[Captioned web image data]
────────────────
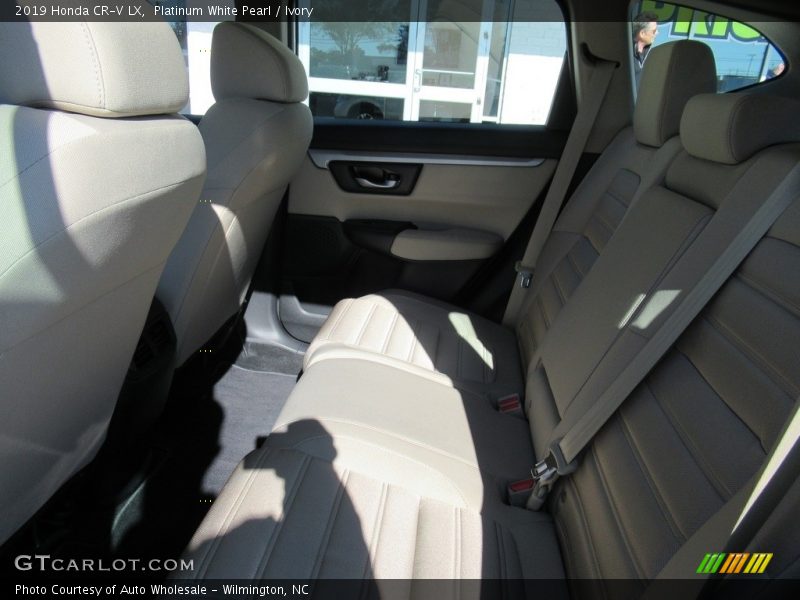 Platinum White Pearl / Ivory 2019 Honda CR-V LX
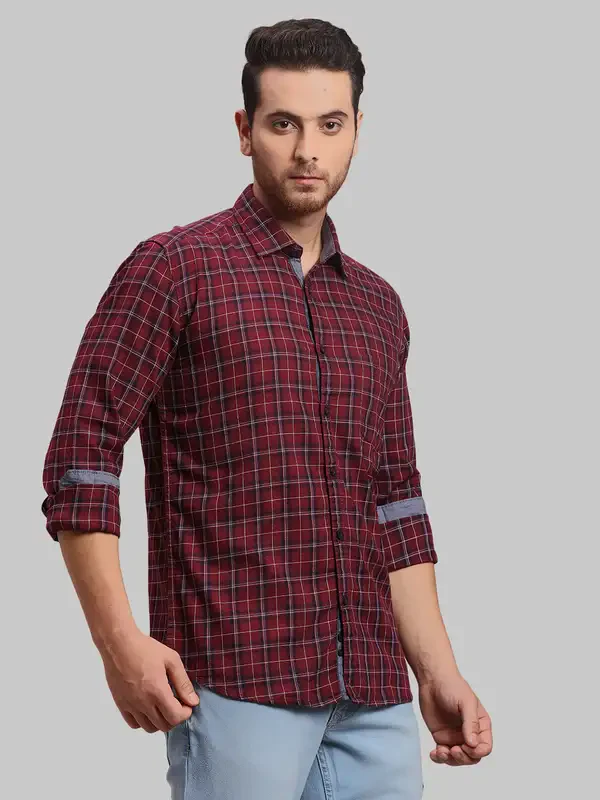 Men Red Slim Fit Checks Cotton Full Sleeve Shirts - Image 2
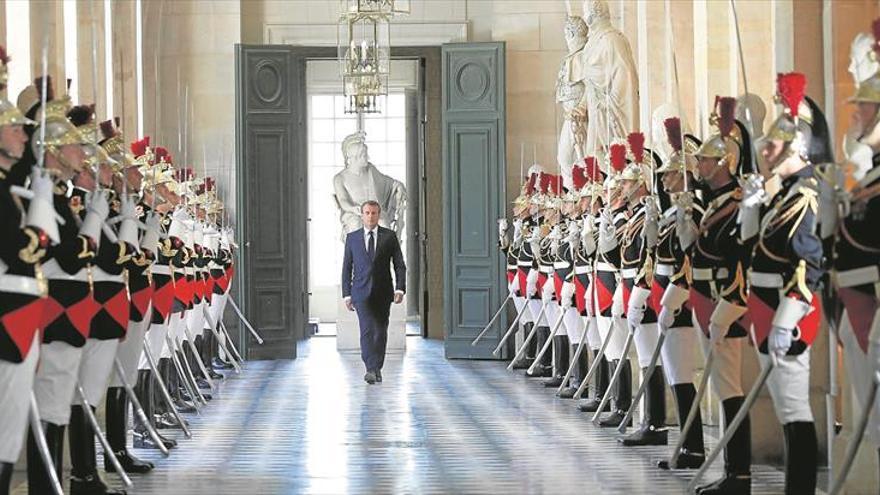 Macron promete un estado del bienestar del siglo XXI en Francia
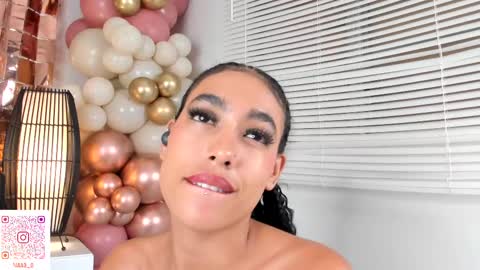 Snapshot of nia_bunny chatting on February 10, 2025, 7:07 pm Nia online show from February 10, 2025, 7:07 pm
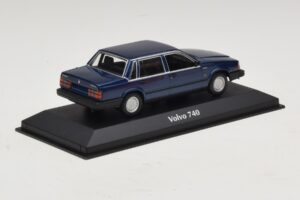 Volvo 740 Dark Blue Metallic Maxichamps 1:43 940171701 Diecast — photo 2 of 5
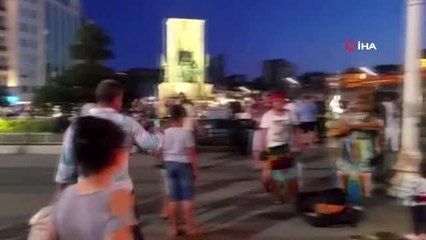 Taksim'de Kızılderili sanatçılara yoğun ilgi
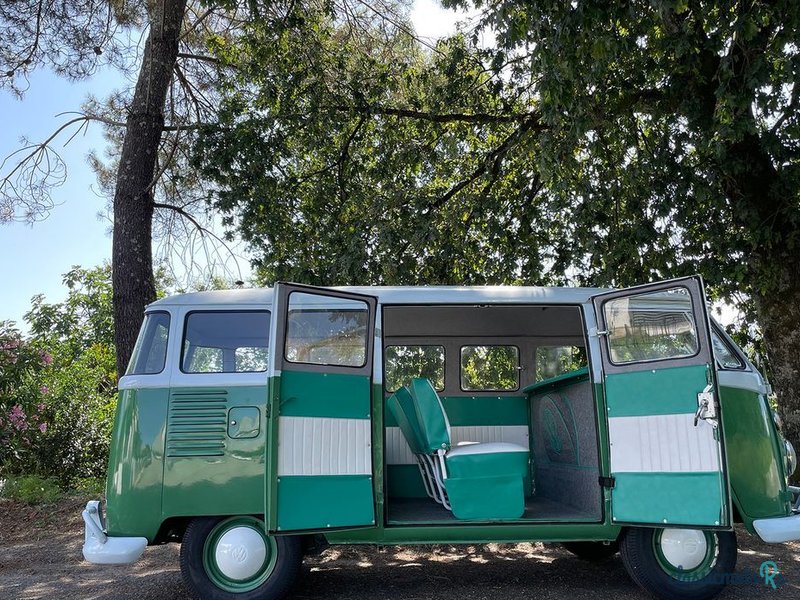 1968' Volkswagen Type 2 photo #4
────────────────
Assignment >> From the line containing "Volvo 740 Dark" to the last line of the records, inclusive, output the lines exactly as written and nothing else; leave out the pictures.

Response for this exercise >>
 Volvo 740 Dark Blue Metallic Maxichamps 1:43 940171701 Diecast — photo 2 of 5
 Taksim'de Kızılderili sanatçılara yoğun ilgi
 1968' Volkswagen Type 2 photo #4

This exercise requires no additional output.